Systemwide, 90.2 percent of Watauga County Schools students met or exceeded proficiency in math, and 85.6 percent met or exceeded expectations in reading. In science, 83.2 percent of fifth-grade scores and 85.6 percent of eighth-grade scores met or exceeded proficiency standards.
At Watauga High School, 86.4 percent of all EOC results for the three tested subjects, English I, algebra I and biology, met or exceeded proficiency.
The second element that plays into the recognition statuses is growth. Testing results indicate whether a school has met expected growth, high growth or neither.
The Department of Public Instruction notes that even schools with high academic achievement and most students at grade level should be showing growth each year.
In Watauga County Schools, Cove Creek and Parkway achieved expected growth, while Bethel, Blowing Rock, Green Valley, Hardin Park, Valle Crucis and Watauga High School earned the more stringent high growth standard.
Mabel fell short of expected growth by a very narrow margin, Kafitz said.
“While Mabel’s not showing up with any credit per se, they still have nothing to be ashamed of,” he said. “We recognized that a couple of performance points would have made all the difference.”
Growth and proficiency together determine each school’s recognition status.
Statewide, 35 percent of schools were in the School of Progress category, 28 percent were Schools of Distinction and only 12 percent were Schools of Excellence.
To put it in perspective, in K-8 schools, a School of Progress rating would show that the school met expected or high growth and that 60 percent to 79 percent of test results met or exceeded proficiency.
A School of Distinction is one that showed expected or high growth as well as 80 percent to 89 percent of students meeting or exceeding proficiency. In a School of Excellence, expected or high growth was achieved and 90 percent or more of test results showed proficiency.
At the high school level, graduation rates are also a factor.
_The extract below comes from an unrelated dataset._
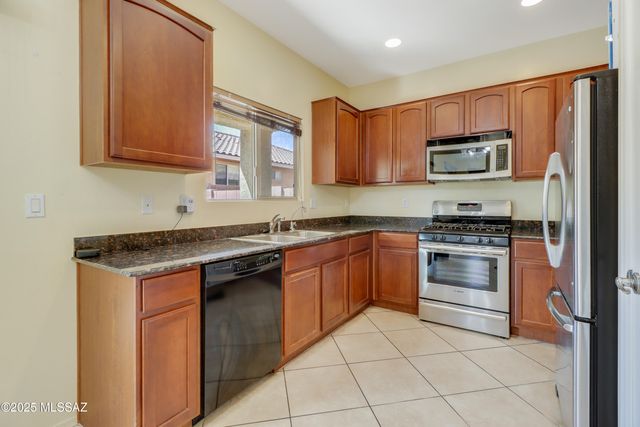 5077 N Fortune Teller Way, Tucson, AZ 85704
The four-year graduation rate at Watauga High School was 85.1 percent in 2011-12, which is slightly lower than last year, but about five percentage points higher than the statewide average.
In addition to measuring proficiency and growth, the state test results also determine whether schools meet established Annual Measurable Objectives, or AMOs.
The AMOs, which take the place of the Adequate Yearly Performance measures that used to be included in the results, divide the results based on subgroups, such as race, lower income, students with disabilities and more. Each subgroup has its own target to meet, and those targets are not identical from subgroup to subgroup.
Four of the nine schools, or 44 percent, in Watauga County Schools met all of their AMO targets, compared to 46 percent of schools statewide. The school system as a whole met 44 out of 45 AMO targets. The only one it did not achieve was the desired four-year graduation rate for students with disabilities, Kafitz said.
While the annual testing results are an important measure for teachers, parents and administrators to gauge students’ progress, they can be complicated.
Anyone interested in learning more can visit http://www.abcs.ncpublicschools.org/abcs/ to compare scores. Tables summarizing the test results also will be available soon on the Watauga County Schools website at http://www.watauga.k12.nc.us.
The Board of Education also is expected to hear a thorough breakdown of results at its next board meeting, set for 7 p.m. Aug. 13, Kafitz said. The school board meetings are open to the public and could provide another opportunity for parents to learn more about these new testing results.
While the results can be a point of pride for schools, teachers no longer receive monetary awards based on their school’s growth. This is the last year that testing results will be released in this format, at the ABCs school accountability system will be succeeded next year by the new READY model. The READY model will not use terms such as School of Excellence and School of Distinction. Instead, under new legislation approved by the General Assembly this year, each school will receive an A through F letter grade reflecting the proficiency results.